Environmental Justice: The North Williams Traffic Safety Operations Project
Planners and advocates for urban sustainability policies often aim to depoliticize the issue, focusing strictly on infrastructure improvements to promote greener lifestyles, safety, energy efficiency, and economic development, easily visible markers of sustainability. This effort at depoliticization, however, has the effect of leaving out critical issues relating to just sustainability, including historical context, racism, and gentrification. This dynamic came to the forefront in the North Williams Traffic Safety Operations Project here in Portland, as outlined by Amy Lubitow and Thaddeus R. Miller in the article “Contesting Sustainability: Bikes, Race, and Politics in Portlandia.”

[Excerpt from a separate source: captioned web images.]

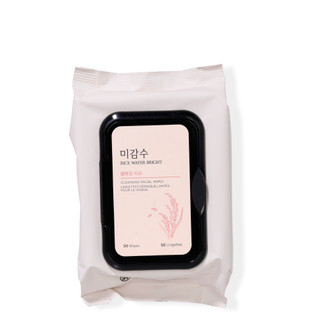 Thumbnail 1: THE FACE SHOP Rice Water Bright Cleansing Wipes, 50 Count 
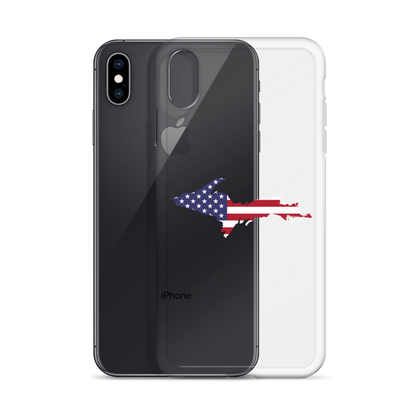 Michigan Upper Peninsula Clear iPhone Case (w/ UP USA Flag Outline)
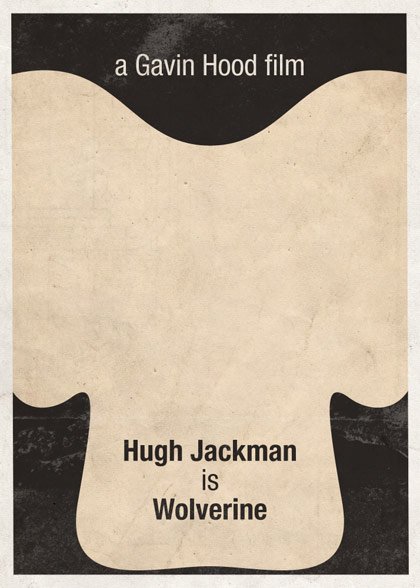 25张超级英雄极简海报作品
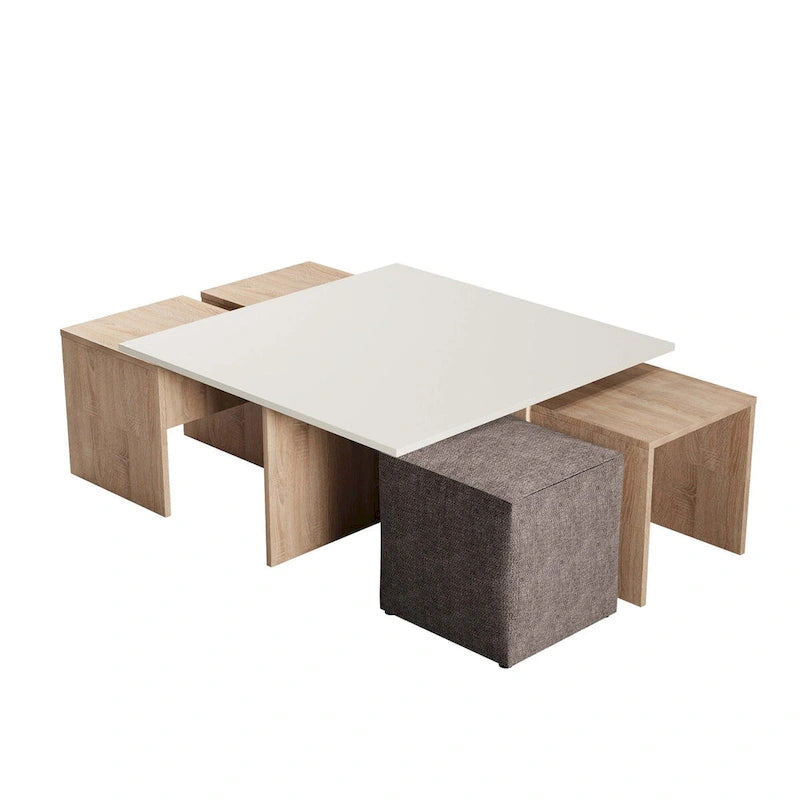 Table basse gigogne de style Mid-century moderne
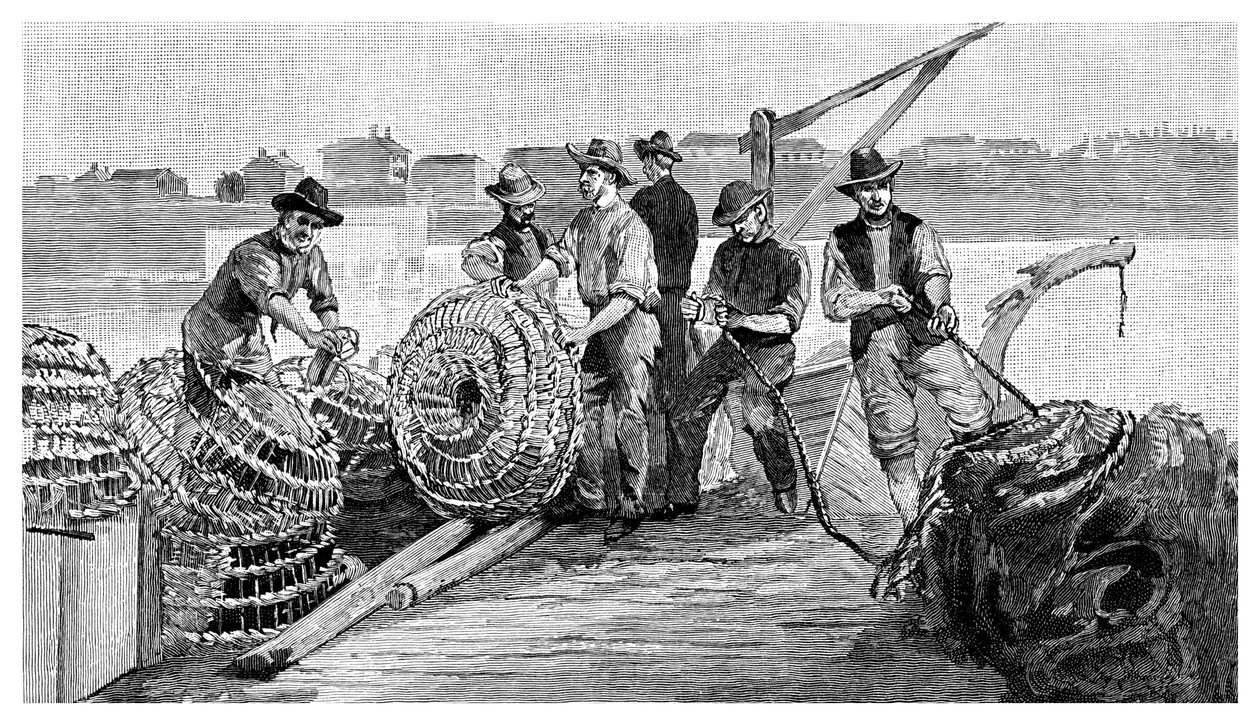 渔人码头，1886年 作者 不明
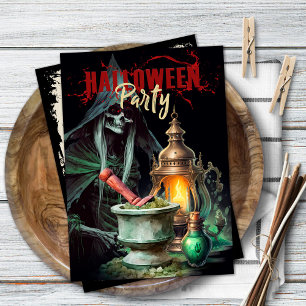 Einladung des toten Mannes zu mystischem Halloween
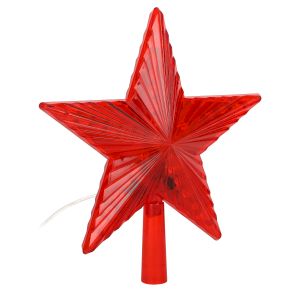 Светодиодная новогодняя фигура ЭРА ENGEV-02 елочная верхушка Звезда 21 см 220V Светодиодная новогодняя фигура ЭРА ENGEV-02 елочная верхушка Звезда 21 см 220V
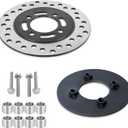 JMCHstore Mini Bike Drum to Disc Hydraulic Brake Wheel Conversion Kit for Coleman CT200U BT200X Baja Warrior Massimo MB200 AXIS M200 PUMA 200 Mini Bike Parts (4 hole)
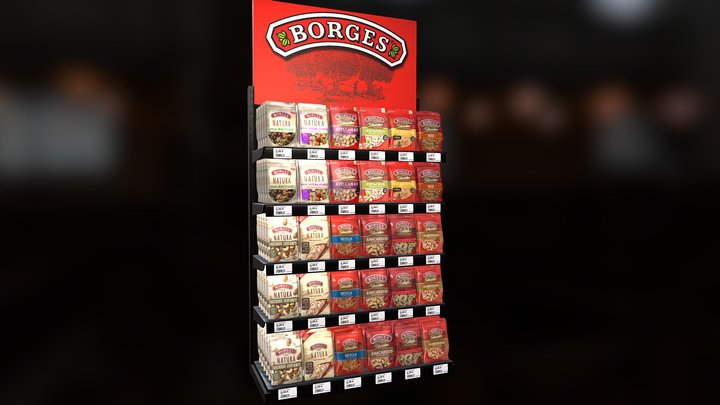 BORGES GONDOLA SUPERMERCADO – Gratis 3D-model STL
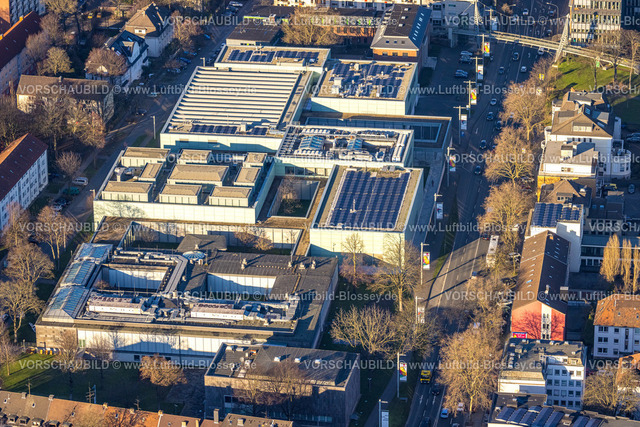Essen230201603 | Luftbild, Museum Folkwang, Südviertel, Essen, Ruhrgebiet, Nordrhein-Westfalen, Deutschland
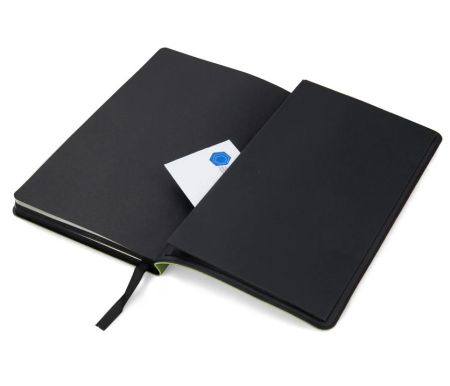 Книга записна Partner Soft 125*195мм 96 арк. клітинка на гумці Axent 8206-15-a сіра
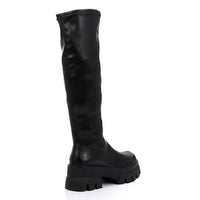 PRD-DVTF-001  Leather Knee High Boot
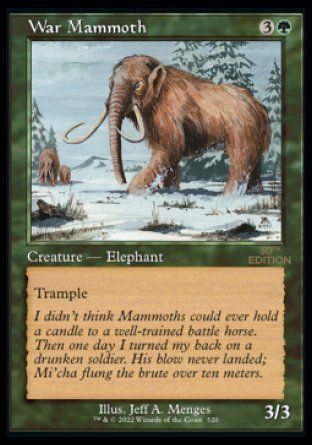 War Mammoth (Magic 30th Anniversary Edition - Old Frame) Trading Card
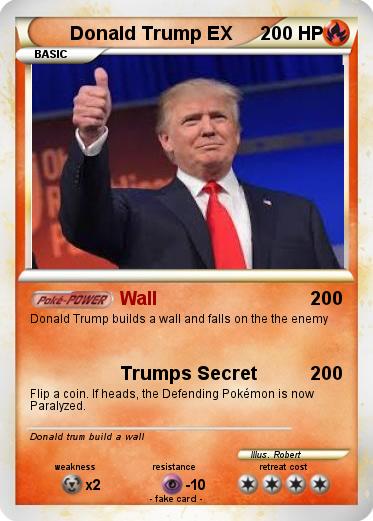 Pokemon Donald Trump EX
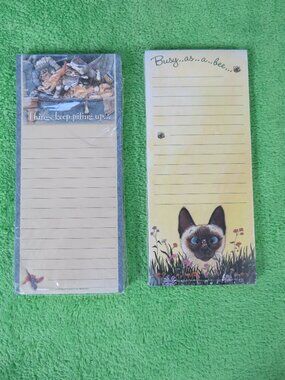 Vintage Magnetic Cat Notepads - NEW (2)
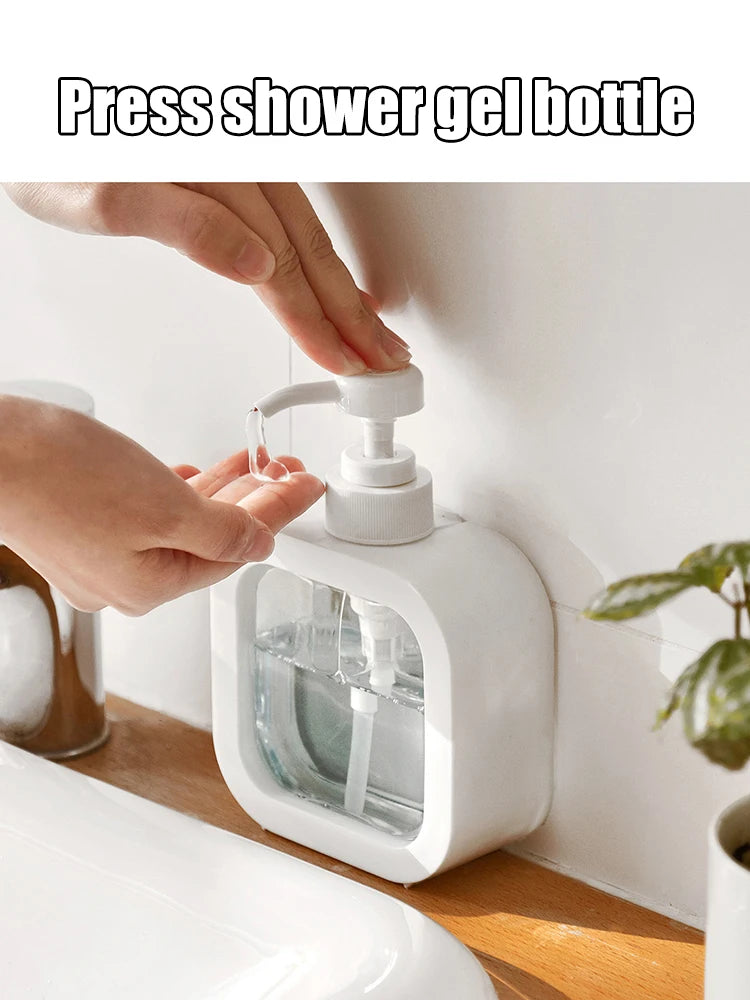 1/2 PCS large-capacity soap dispenser bottle, transparent visible plastic press bottle, suitable for travel, kitchen, bathroom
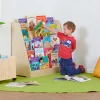 Outlet Single Sided Bookstand with Five Shelves H760mm Library & Book Storage|Book Storage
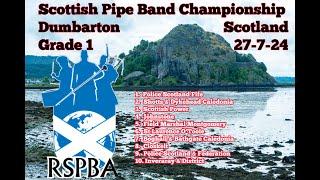 Scottish Pipe Band Championship - 2024 - Grade 1 - All Performances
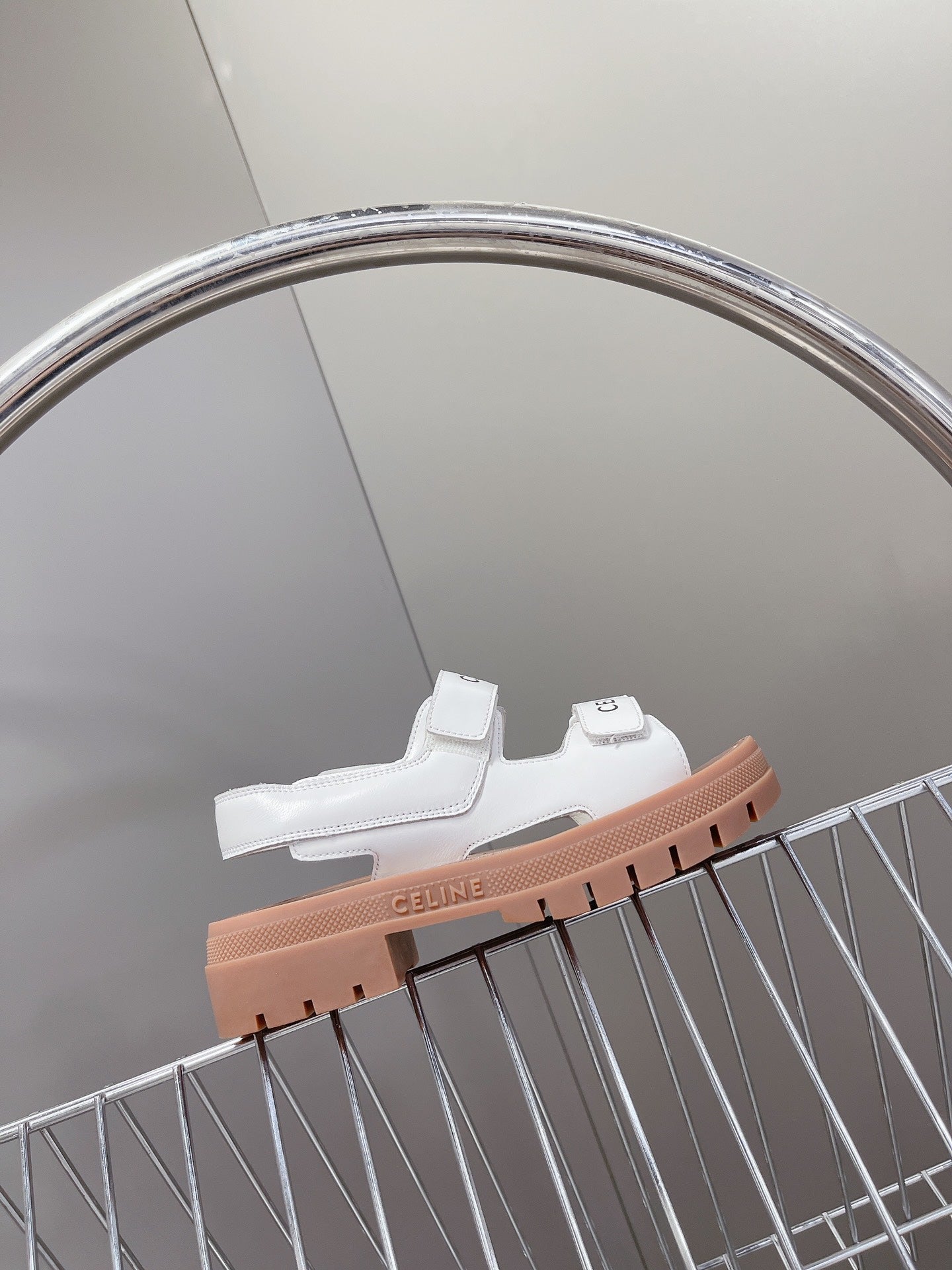 Optic White CL Scratchs Sandal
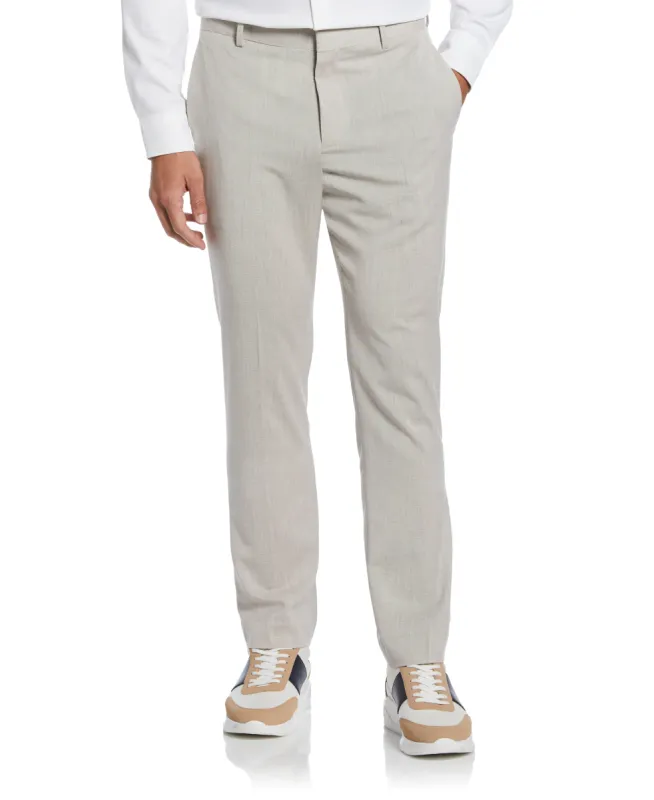 Slim Fit Stretch Linen Blend Pant sold by Perry Ellis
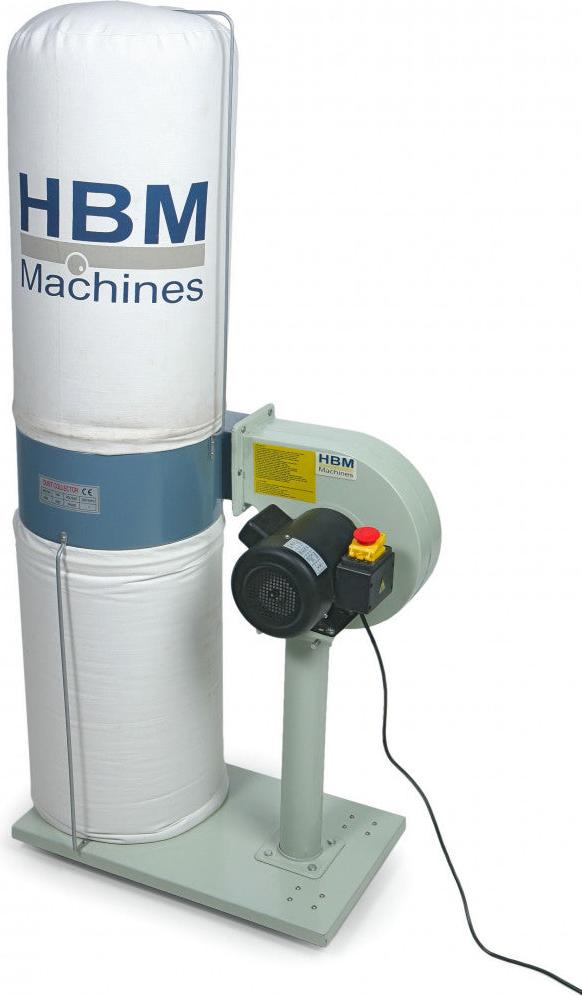 Staubabsaugung Absaugung, 230 Volt 900m³/h 1 PS 86,5dB, inkl. Fahrgestell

Portland has had a reputation for sustainable development and is known for improved cycling infrastructure compared to many cities in the United States. Banking on this reputation and in many ways taking public support as a given, PBOT embarked on the relatively mundane North Williams Traffic Safety Operations Project. The bikeway improvement project ran right through a historically black and rapidly gentrifying area of NE Portland. Though PBOT made efforts at community outreach, the initial stakeholder advisory committee only had 4 members of color out of 22 total members. This fact, along with the apolitical positioning of the project, quickly stirred controversy. Narratives began to emerge questioning why these improvements were coming now, when the neighborhood was whiter and more affluent. After all, safety concerns were just as valid before gentrification. Black residents were again being excluded from public input, as they had been during the urban renewal projects that had displaced so many and paved the way for gentrification. The city eventually redrafted their plans utilizing a more inclusive planning process.
The depoliticization of planning this project was clearly a mistake. Our transportation infrastructure does not exist in a vacuum. If we are truly to create just, sustainable cities, it is important that we consider historical and social contexts while utilizing truly inclusive methods of community engagement. Planners are vulnerable to tunnel vision and social isolation from the community at large, often times assuming that the rest of the community is just like them, often well educated and white. This results in less effective policy making that perpetuates inequities in our cities. Planning is inherently political, and that fact cannot be ignored.
Agyeman, Julian, Robert D. Bullard, and Bob Evans (eds.). Just Sustainabilities: Development in an Unequal World. Cambridge: MIT Press, 2002.
Lubitow, A., & Miller, T. R. (2013). Contesting sustainability: Bikes, race, and politics in Portlandia. Environmental Justice, 6(4), 121-126.
Thanks for sharing Simeon! I read about the North Williams Traffic Safety Operations project for another class and just found it disheartening. I hope to do work in transportation planning in the future and have so many mixed feelings about new active transportation projects. On one hand, it's great that Portland is trying to build and improve bike infrastructure. That's hopefully going to be a great boost to bike ridership down the line. However, like the North Williams project, it always seems like these projects are done at the expense of BIPOC communities. I definitely need to look up more info on funding streams for Portland transportation projects, but it makes me uneasy to see so much focus on improving white, affluent neighborhoods when so much of east Portland continues to be neglected.